━━━ AVAILABLE DATA

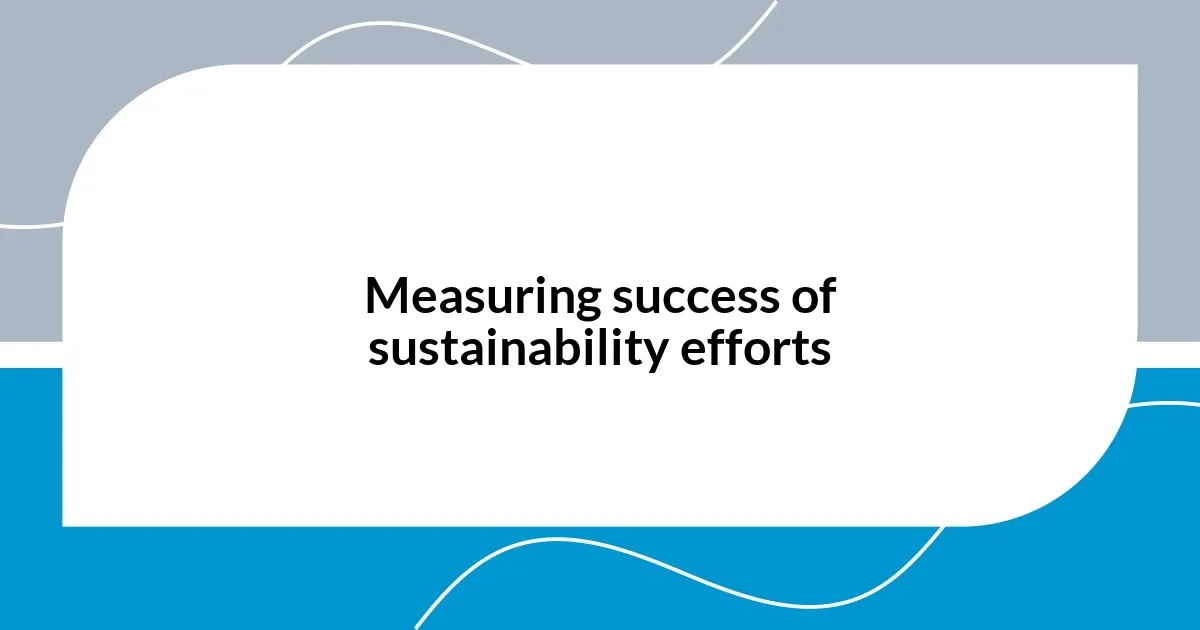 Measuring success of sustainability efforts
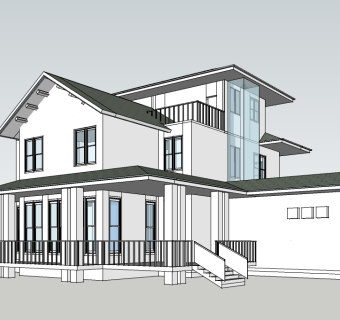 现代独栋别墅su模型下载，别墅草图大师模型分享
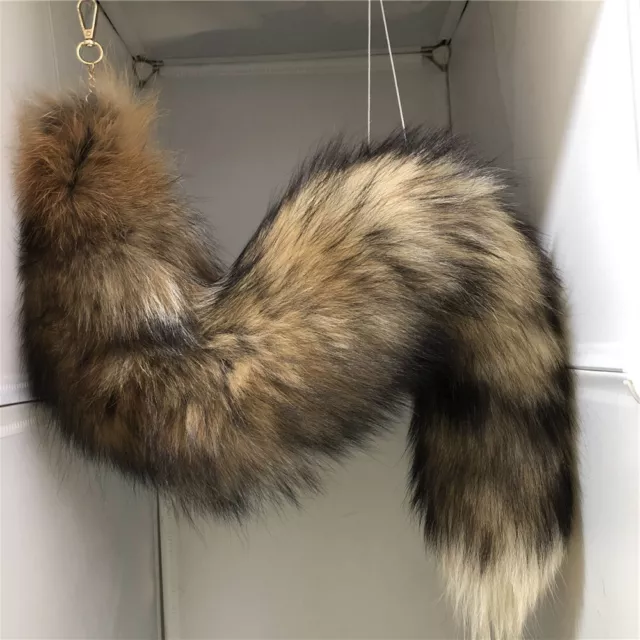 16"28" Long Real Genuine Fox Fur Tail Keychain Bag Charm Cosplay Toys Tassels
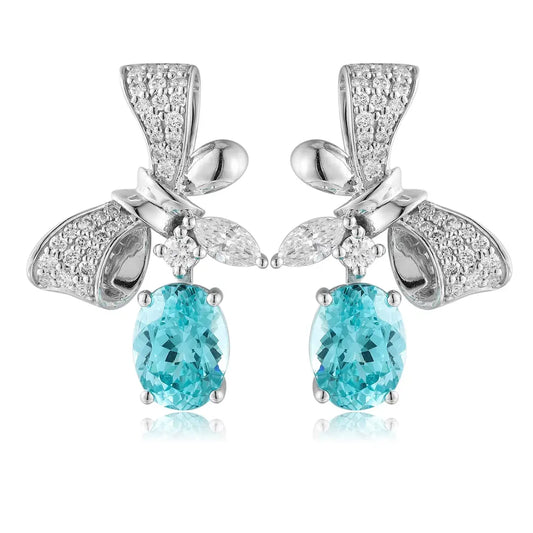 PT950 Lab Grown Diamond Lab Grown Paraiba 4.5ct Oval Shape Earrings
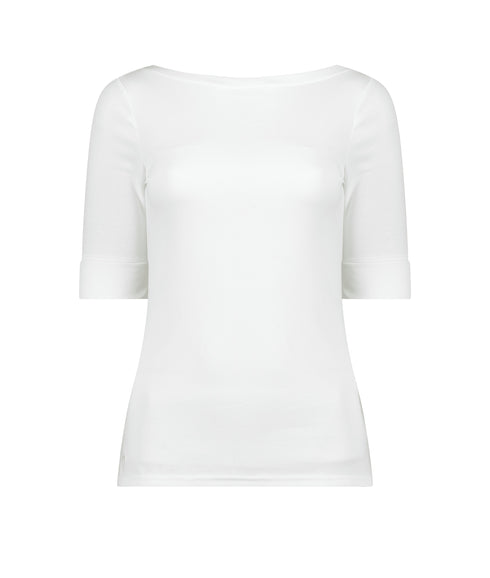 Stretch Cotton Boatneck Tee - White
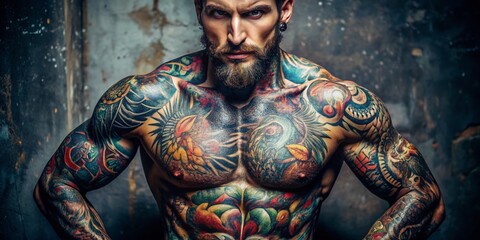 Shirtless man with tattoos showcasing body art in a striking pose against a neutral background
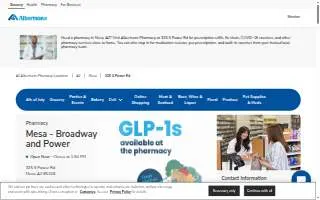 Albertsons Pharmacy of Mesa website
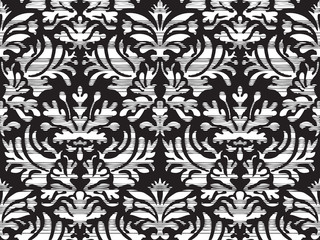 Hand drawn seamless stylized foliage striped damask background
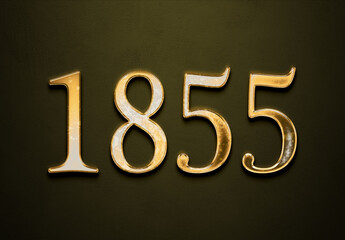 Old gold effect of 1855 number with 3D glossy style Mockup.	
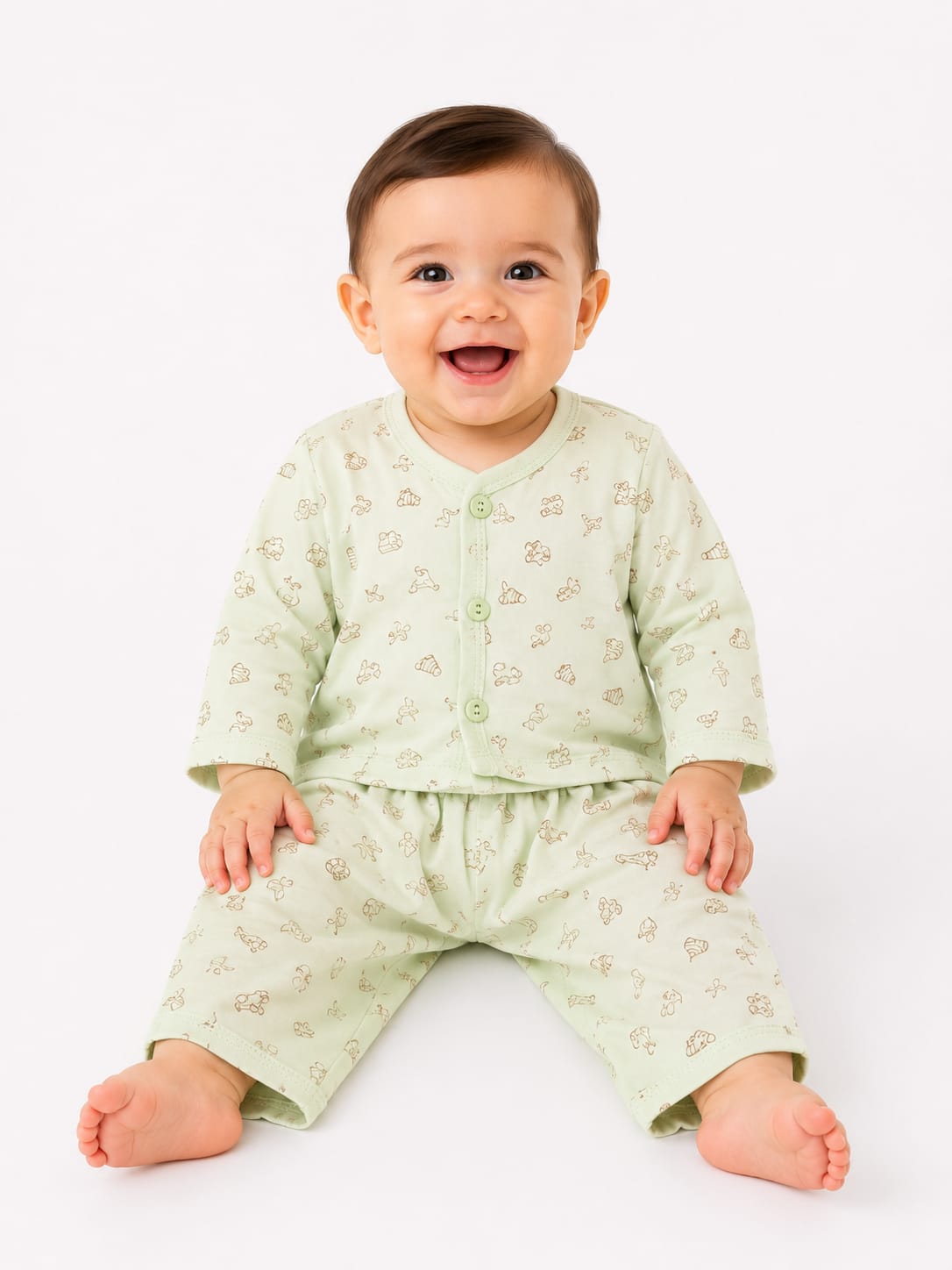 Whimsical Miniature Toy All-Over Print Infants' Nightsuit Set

━━━━━━

WHAT YOU WILL DO:
This exercise needs every entry retyped exactly, with the pictures removed.

OUTPUT FOR THIS EXERCISE:
 Measuring success of sustainability efforts
 现代独栋别墅su模型下载，别墅草图大师模型分享
 16"28" Long Real Genuine Fox Fur Tail Keychain Bag Charm Cosplay Toys Tassels
 PT950 Lab Grown Diamond Lab Grown Paraiba 4.5ct Oval Shape Earrings
 Stretch Cotton Boatneck Tee - White
 Shirtless man with tattoos showcasing body art in a striking pose against a neutral background
 Albertsons Pharmacy of Mesa website
 Hand drawn seamless stylized foliage striped damask background
 Old gold effect of 1855 number with 3D glossy style Mockup.	
 Whimsical Miniature Toy All-Over Print Infants' Nightsuit Set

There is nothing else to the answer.